Destacamos aqui novamente a importância da boa orientação da doadora além da necessidade de manter um acompanhamento constante com esta para esclarecer eventuais dúvidas além de incentivá-la a manutenção da doação.

CONSIDERAÇÕES FINAIS

Este estudo nos possibilitou conhecer suscintamente a realidade das mães doadoras de leite humano. Uma realidade muitas vezes de se colocar no lugar de outras mães que estariam passando por dificuldades e tentar ajudá-las num momento tão especial de suas vidas. Também nos trouxe uma reflexão acerca da importância da manutenção de espaço como os Bancos de Leite Humano para a promoção do aleitamento materno tanto para crianças que recebem o leite junto a propria mãe quando àquelas que necessitam da doação de outras mulheres.

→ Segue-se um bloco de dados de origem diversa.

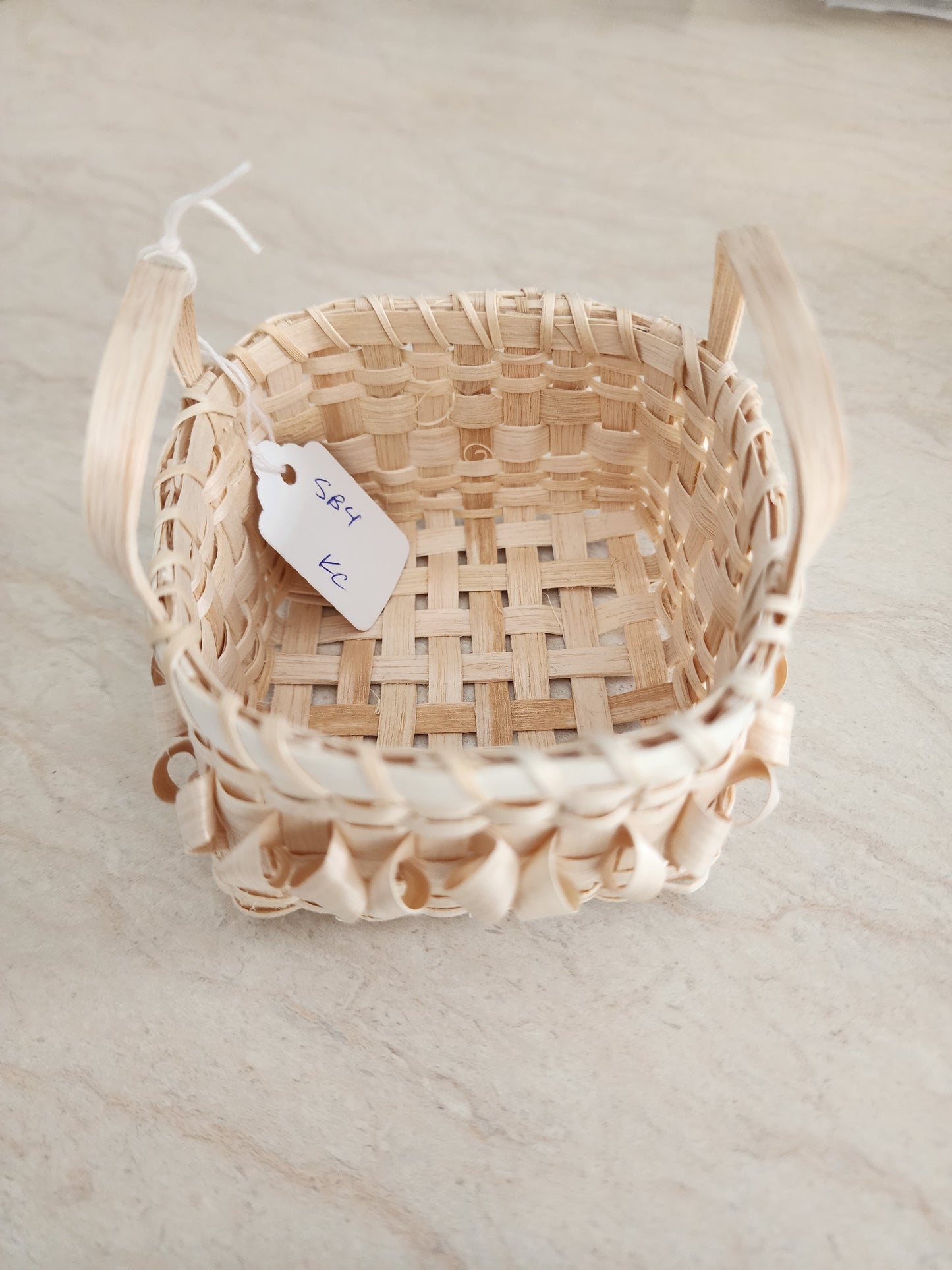 Mini Ash Basket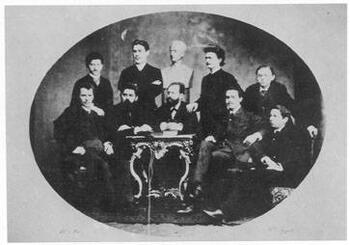 Steinmetz with Student Socialists, 1887-1888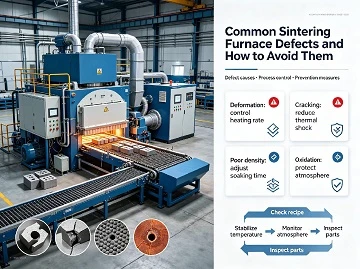 Common Sintering Furnace Defects and How to Avoid Them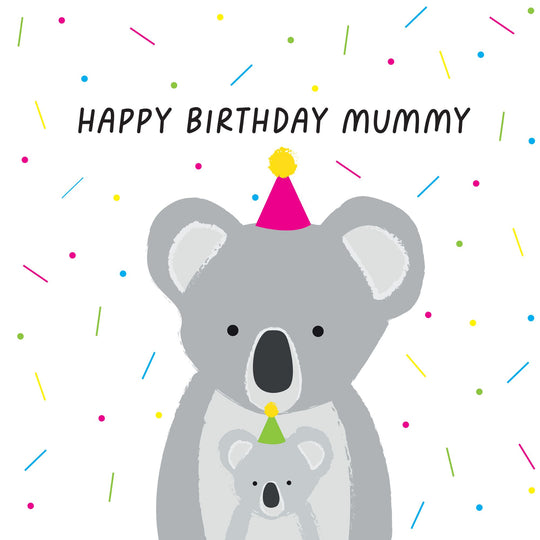Happy Birthday Mummy Card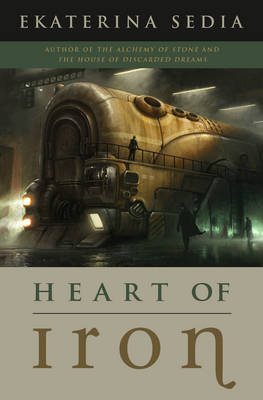 Book cover for Heart of Iron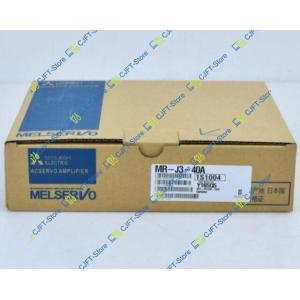 ☆ 新品 MITSUBISHI/三菱　MR-J3-40A 　サーボアンプ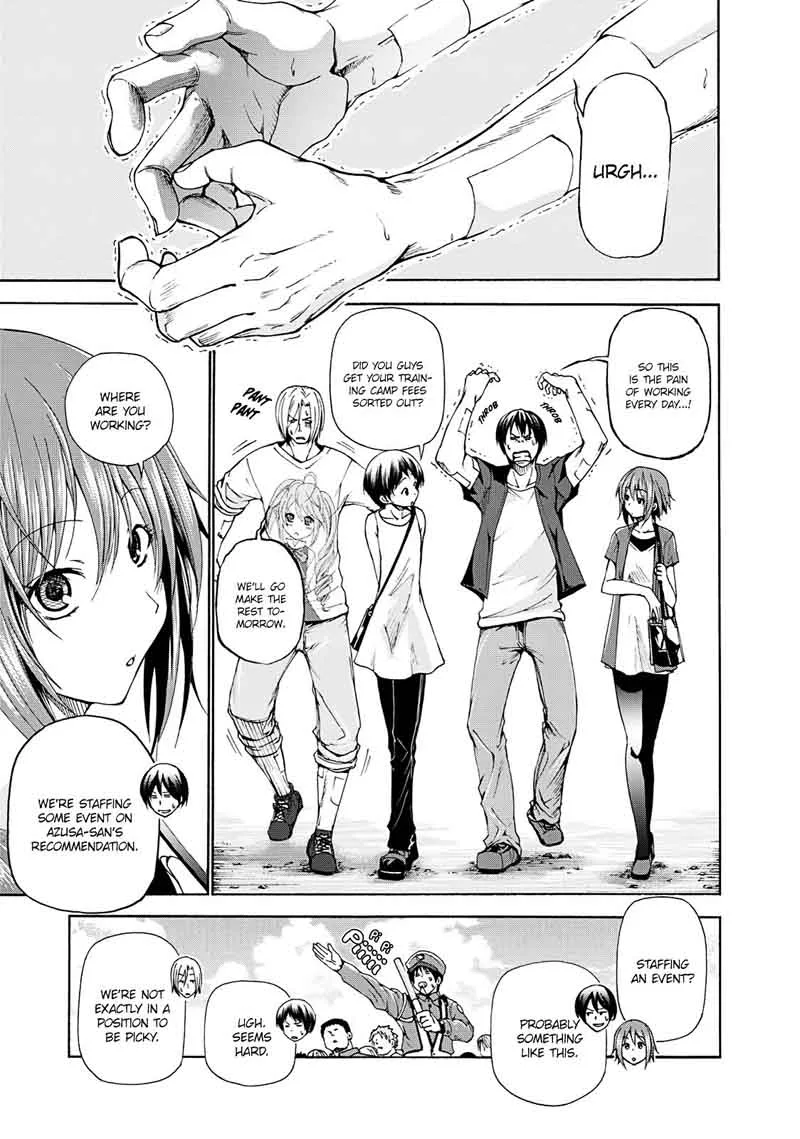 Grand Blue Chapter 15 page 2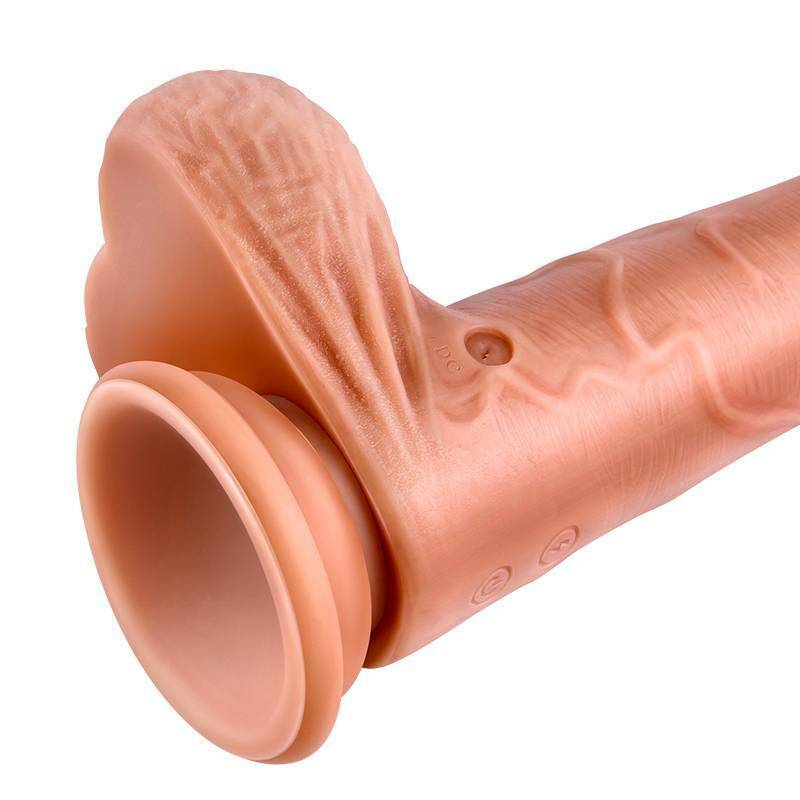 EROCOME Hercules 8.46'' Heating Thrusting Dildo Sex Toy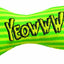 Yeowww Stinkies Catnip Toy Yellow, Green, 3 in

Segundo dados listados no Portal LCTA, o volume de leite humano doado representa 55 a 60% da real demanda no país e estratégias de aumento destas doações são traçadas. Porém temos que considerar que não adianta somente aumentar o quantitativo de campanhas para adesão de novas doadoras se estas não são orientadas e acompanhadas de maneira satisfatória.

Observamos há muito nos jornais e midia em geral a denuncia de trabalhadores, sobretudo da área da saude, acerca da precarização das condições de trabalho e supomos não ser diferente em alguns Bancos de Leite. É necessário, a manutenção e ampliação dos serviços oferecidos nos Bancos de Leite, não somente para a recepção de doações mas também para a orientação de nutrizes e o incentivo à amamentação em livre demanda a todos os bebês.

Esperamos que com os resultados obtidos com a presente pesquisa possamos auxilar na implementação de ações em consonância com as politicas púbicas no Brasil, para a promoção, proteção, apoio e incentivo ao aleitamento e à doação de leite humano.

BIBLIOGRAFIA

• ALENCAR, Lucienne Cristine Esteves de; SEIDL, Eliane Maria Fleuri. Doação de leite humano: experiências de mulheres doadoras. Revista Saúde Pública 2009; 43(1): 70-7 – disponível em . Acesso em 23/10/2012.

• BRASIL. Agência Nacional de Vigilância Sanitária. Branco de leite humano: funcionamento, prevenção e controle de riscos. Agência Nacional de Vigilância Sanitária - Anvisa, Brasília, 2008.

• GODOY, Arilda Schmidt. Introdução à pesquisa qualitativa e suas possibilidades. RAE – Revista de Administração de Empresas, São Paulo, v. 35, n.2, p.57-63, 1995.

• NOGUEIRA, Adriana, T. et Al. Mamãe, eu quero mamar. História, técnica, cultura e psicologia do Aleitamento Materno. São Paulo: Biblioteca24horas, 2011.

• Portal CTEA – Artigo: A importância da doação do leite materno. Publicada em 27 de outubro de 2011. Disponível em: http://www.portalctea.com.br/2011/10/27/2906/. Acesso em 23/10/2012.

• Portal da Saúde. Acesso em 24/10/2012.